…приспущен
Когда мы теряем очень близкого человека, то среди событий последующих месяцев появляются такие, которые, как нам кажется, могли произойти лишь благодаря его отсутствию, как бы мы ни хотели ими с ним поделиться. Мы передаем ему последний привет на языке, которого он уже не понимает.

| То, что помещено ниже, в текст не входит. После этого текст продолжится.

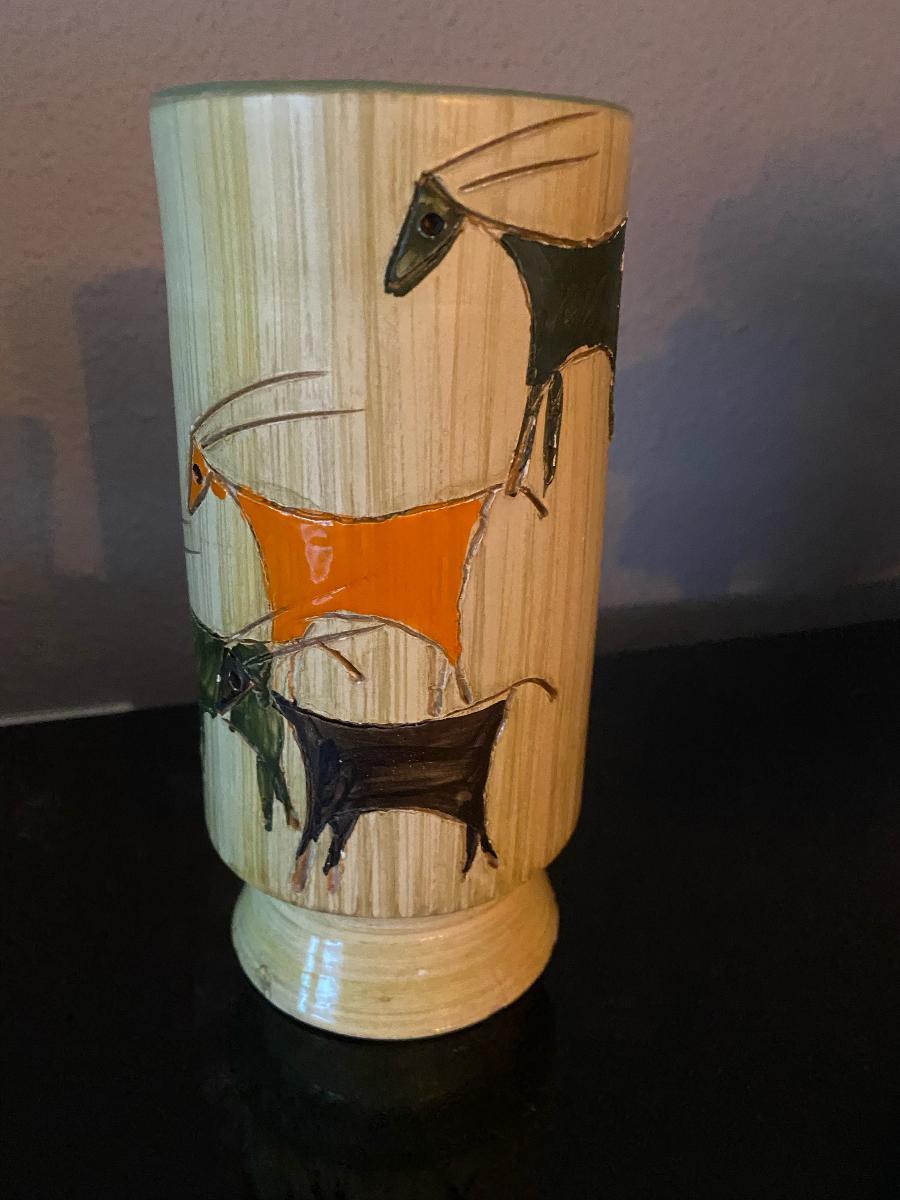 Nice vase from Bitossi by Aldo Londi. The pattern is Stambecchi or Caprone (goat), designed by Aldo Londi. A sgraffito and glazed pattern of goats in grey, brown and orange on a brushed background with a glossy green interior. The caves of Lascaux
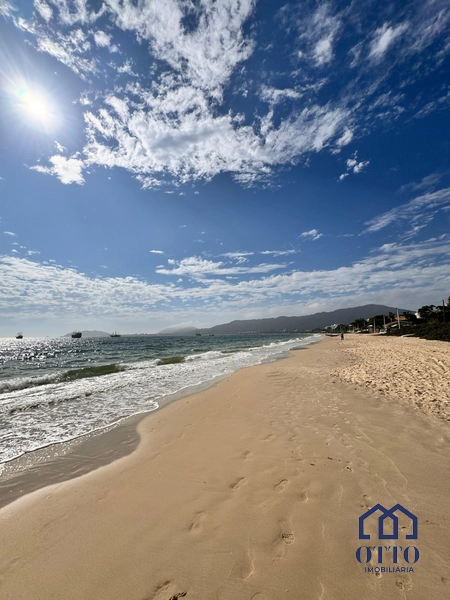 Apartamento 02 suítes, novo e equipado, apenas 20 passos da praia!: 3ª foto da galeria de imagens do imóvel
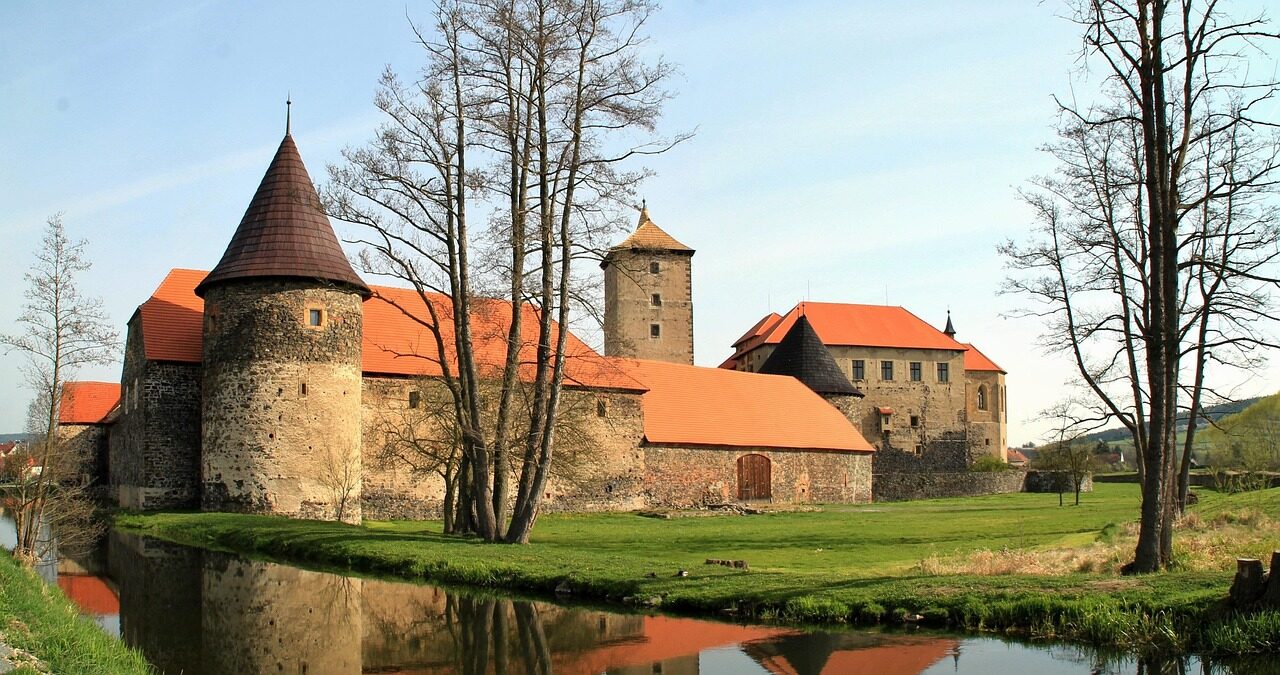 Kamenné hradby a válcové bašty vodního hradu Švihov v Pošumaví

«Императорская панорама»[11]
Путешествие по германской инфляции
I. В арсенале тех выражений, которыми ежедневно выдает себя жизненный уклад немецкого бюргера, замешанный на глупости и трусости, особенно примечательно то из них, что указывает на грядущую катастрофу: ведь «дальше так жить нельзя». Беспомощная зацикленность на представлениях о безопасности и о собственности, сложившихся за прошедшие десятилетия, мешает обычному человеку воспринять крайне любопытные, совершенно новые формы стабильности, которые лежат в основе текущей ситуации. Поскольку относительная стабилизация предвоенных лет была для него благоприятной, он полагает, что должен считать нестабильным любое состояние, при котором он терпит лишения. Но стабильные условия жизни ни в коем случае не обязаны быть приятными, и еще до войны существовали слои населения, для которых стабильные условия жизни означали стабильную нищету. Упадок ничуть не менее стабилен, нисколько не большее чудо, чем подъем. Только признавшись себе в том, что единственный смысл текущего состояния – это гибель, можно перестать вяло удивляться каждодневной рутине и осознать, что только явления распада по-настоящему стабильны, и одно лишь спасение – нечто сверхъестественное, граничащее с непознаваемым, с чудом. Народности (Volksgemeinschaften) Центральной Европы подобны жителям осажденного города, где подходят к концу запасы еды и пороха, а здравый смысл подсказывает, что ждать спасения бессмысленно. Ситуация, в которой стоило бы самым серьезным образом обдумать решение о сдаче на милость или немилость победителя. Но немая, невидимая сила, приближение которой ощущает сейчас Центральная Европа, не ведет переговоров. Поэтому в непрестанном ожидании последнего штурма не остается ничего, кроме как устремить взгляд на то сверхъестественное, что только и могло бы нас спасти. Однако необходимое состояние предельной, безропотной сосредоточенности могло бы – в силу того, что мы состоим в таинственной связи с осаждающими нас силами, – и в самом деле вызвать чудо. Но однажды всем тем, кто думает, что дальше так жить нельзя, придется выучить урок: страданиям как отдельных людей, так и народов положен только один предел, дальше которого не зайдешь, – уничтожение.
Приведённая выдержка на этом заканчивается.